Print exactly and only the lines that run from the one containing "Flagship Carpets Basketweave" through the end of the material, please, omitting pictures.

## [SOURCE MATERIAL]
▬▬▬▬▬▬

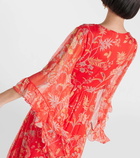 Etro Floral silk gown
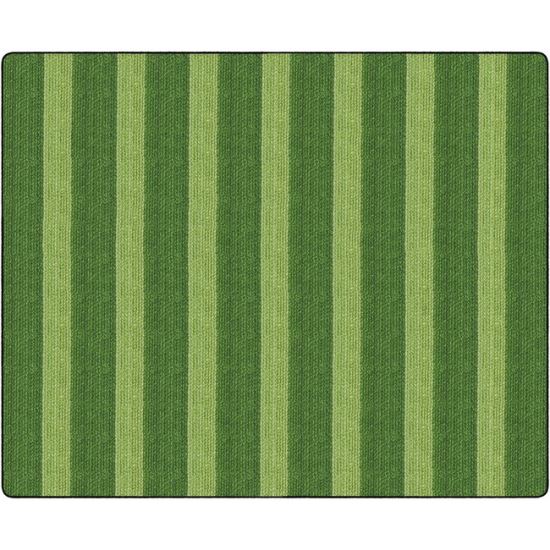 Flagship Carpets Basketweave Stripes Classroom Rug1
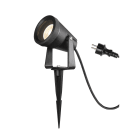 SLV - SAMRINA, projecteur ext., spot piquet, noir, GU10, 7Wmax, IP65, plast. recyclé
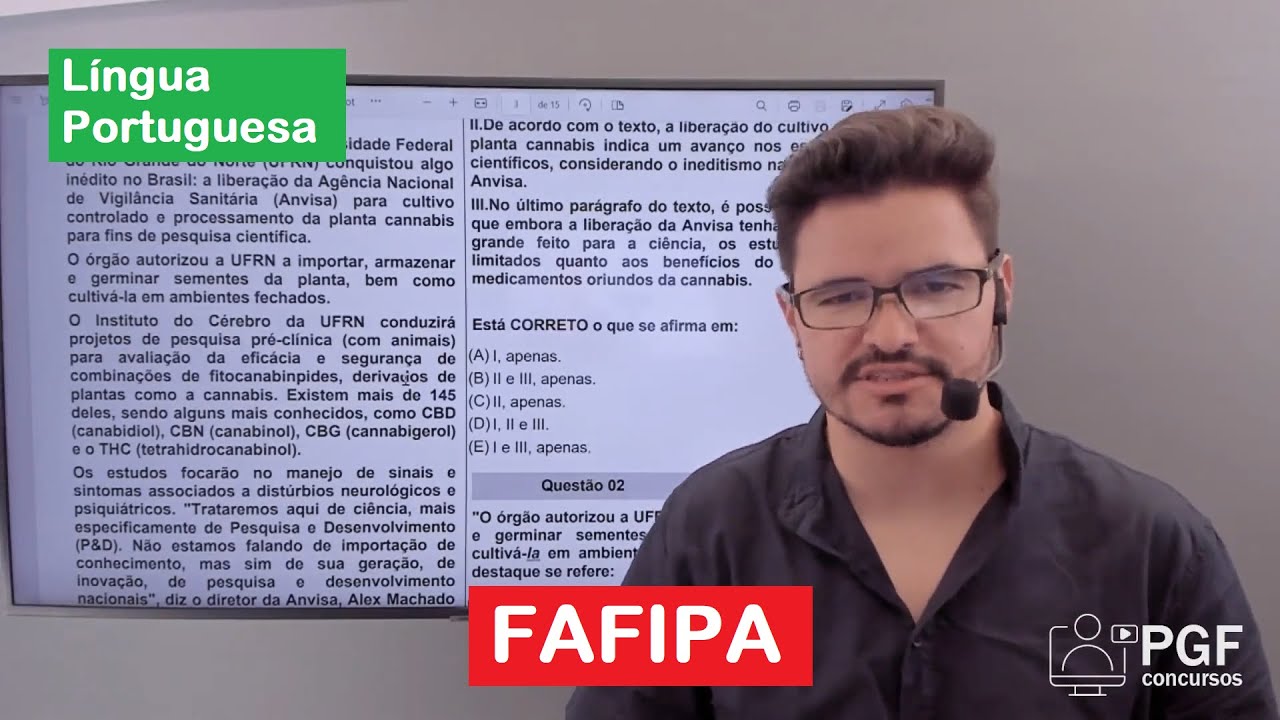 Português para banca FAFIPA: Resolução de questões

▬▬▬▬▬▬

## [SOLVED PROBLEM]
 Flagship Carpets Basketweave Stripes Classroom Rug1
 SLV - SAMRINA, projecteur ext., spot piquet, noir, GU10, 7Wmax, IP65, plast. recyclé
 Português para banca FAFIPA: Resolução de questões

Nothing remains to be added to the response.